■ DIRECTIONS:
Every line below should be repeated exactly as written.

■ SOURCE INFORMATION:
------

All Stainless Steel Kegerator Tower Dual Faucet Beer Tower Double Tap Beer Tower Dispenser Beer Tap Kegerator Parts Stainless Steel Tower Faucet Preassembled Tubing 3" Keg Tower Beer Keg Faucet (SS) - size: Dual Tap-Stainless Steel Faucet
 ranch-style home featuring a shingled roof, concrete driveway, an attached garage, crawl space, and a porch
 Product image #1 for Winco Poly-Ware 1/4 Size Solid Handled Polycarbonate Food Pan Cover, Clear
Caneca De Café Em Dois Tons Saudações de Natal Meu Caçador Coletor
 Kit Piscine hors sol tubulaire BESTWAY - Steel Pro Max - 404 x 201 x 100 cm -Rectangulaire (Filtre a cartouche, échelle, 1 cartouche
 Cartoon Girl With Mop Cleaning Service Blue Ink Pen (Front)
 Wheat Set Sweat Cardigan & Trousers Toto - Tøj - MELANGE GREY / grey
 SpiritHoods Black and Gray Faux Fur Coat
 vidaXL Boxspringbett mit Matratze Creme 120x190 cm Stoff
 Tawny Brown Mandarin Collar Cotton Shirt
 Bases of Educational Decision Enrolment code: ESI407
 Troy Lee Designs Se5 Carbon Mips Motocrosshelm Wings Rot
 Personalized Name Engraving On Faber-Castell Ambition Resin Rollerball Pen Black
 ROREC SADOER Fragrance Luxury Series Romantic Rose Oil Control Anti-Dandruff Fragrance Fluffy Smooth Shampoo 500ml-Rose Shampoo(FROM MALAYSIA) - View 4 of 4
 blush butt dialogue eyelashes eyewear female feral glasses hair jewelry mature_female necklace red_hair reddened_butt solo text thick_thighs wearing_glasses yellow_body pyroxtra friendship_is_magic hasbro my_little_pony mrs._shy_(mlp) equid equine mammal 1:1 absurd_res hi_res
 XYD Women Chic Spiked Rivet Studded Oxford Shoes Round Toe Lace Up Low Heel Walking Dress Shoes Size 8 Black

------

■ TASK RESPONSE:
All Stainless Steel Kegerator Tower Dual Faucet Beer Tower Double Tap Beer Tower Dispenser Beer Tap Kegerator Parts Stainless Steel Tower Faucet Preassembled Tubing 3" Keg Tower Beer Keg Faucet (SS) - size: Dual Tap-Stainless Steel Faucet
 ranch-style home featuring a shingled roof, concrete driveway, an attached garage, crawl space, and a porch
 Product image #1 for Winco Poly-Ware 1/4 Size Solid Handled Polycarbonate Food Pan Cover, Clear
Caneca De Café Em Dois Tons Saudações de Natal Meu Caçador Coletor
 Kit Piscine hors sol tubulaire BESTWAY - Steel Pro Max - 404 x 201 x 100 cm -Rectangulaire (Filtre a cartouche, échelle, 1 cartouche
 Cartoon Girl With Mop Cleaning Service Blue Ink Pen (Front)
 Wheat Set Sweat Cardigan & Trousers Toto - Tøj - MELANGE GREY / grey
 SpiritHoods Black and Gray Faux Fur Coat
 vidaXL Boxspringbett mit Matratze Creme 120x190 cm Stoff
 Tawny Brown Mandarin Collar Cotton Shirt
 Bases of Educational Decision Enrolment code: ESI407
 Troy Lee Designs Se5 Carbon Mips Motocrosshelm Wings Rot
 Personalized Name Engraving On Faber-Castell Ambition Resin Rollerball Pen Black
 ROREC SADOER Fragrance Luxury Series Romantic Rose Oil Control Anti-Dandruff Fragrance Fluffy Smooth Shampoo 500ml-Rose Shampoo(FROM MALAYSIA) - View 4 of 4
 blush butt dialogue eyelashes eyewear female feral glasses hair jewelry mature_female necklace red_hair reddened_butt solo text thick_thighs wearing_glasses yellow_body pyroxtra friendship_is_magic hasbro my_little_pony mrs._shy_(mlp) equid equine mammal 1:1 absurd_res hi_res
 XYD Women Chic Spiked Rivet Studded Oxford Shoes Round Toe Lace Up Low Heel Walking Dress Shoes Size 8 Black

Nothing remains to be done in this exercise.